Avant-guerre, Bali avait peu de routes, peu de voitures et un tourisme réservé à de riches étrangers que je guidais parfois pour survivre. Je me suis installé à Sanur avec ma première épouse, Ni Mulugan, une danseuse, et nous avions l’impression de vivre au paradis avec notre petite fille Leoni née en 1939. Mais tout a basculé quand les Japonais ont débarqué en 1942 en bombardant ma maison. Je me suis enfui à Saba avec ma seconde épouse, la belle Ni Pegi.

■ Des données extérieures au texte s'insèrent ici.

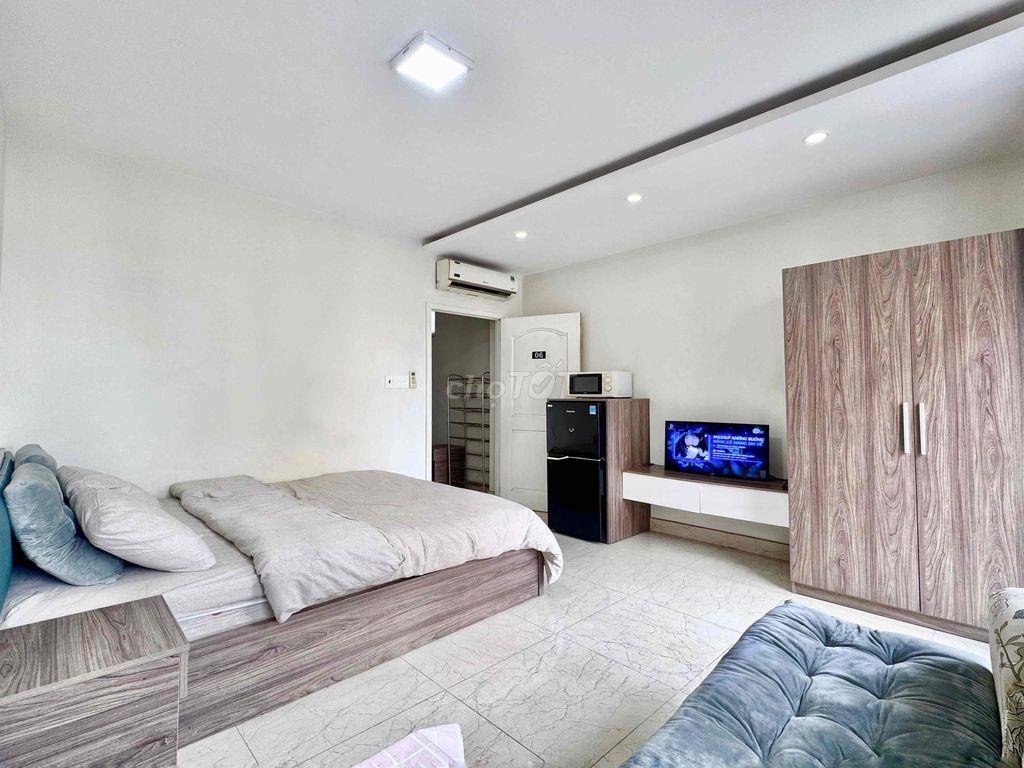Căn hộ mới khai trương full nội thất ban công lớn khu ngã 4 Phú Nhuận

Puis nous sommes allés nous installer à Iseh, au pied du Gunung Agung, dans le petit studio que m’avait confié Walter Spies avant d’être déporté en 1940. Cette période a été pénible mais j’avais pris l’habitude de vivre simplement au milieu des Balinais. Sachez que je devins un spécialiste de la cuisine locale, mais la plus grande partie de mes activités consistait à peindre.

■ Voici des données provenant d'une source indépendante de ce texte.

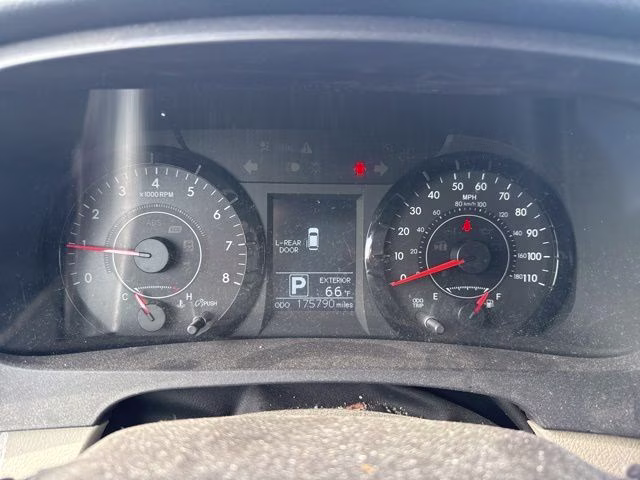 2015 Super White Toyota Sienna LE FWD Van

Malgré mon amitié avec le président Sukarno, la bureaucratie indonésienne me rendit la vie difficile et, en 1956, à mon retour de Suisse, je n’ai pu rentrer à Bali, ce qui a été le grand drame de ma vie car couplé avec ma rupture avec Ni Pegi et notre fille Ani née en 1948. Toutefois, je fus accueilli en Thaïlande par le prince Sanidt et je me suis à nouveau marié, avec une Thaïlandaise nommée La’iad (Jettli). Heureusement, j’ai pu régulièrement retourner à Bali jusqu’à ma mort à Berne, en 1982.
Que reste-t-il aujourd’hui de mon passage à Bali ? Une nombreuse descendance, car mes deux filles ont eu plusieurs enfants, et mes peintures dont la plus grande et plus belle collection se trouve au Museum Pasifika à Nusa Dua. Mon œuvre est ma fierté, non pas parce que ces peintures sont devenues hors de prix, j’ai toujours vécu simplement, mais parce qu’elles montrent la beauté de ce qu’était Bali pas encore blessée par le progrès. »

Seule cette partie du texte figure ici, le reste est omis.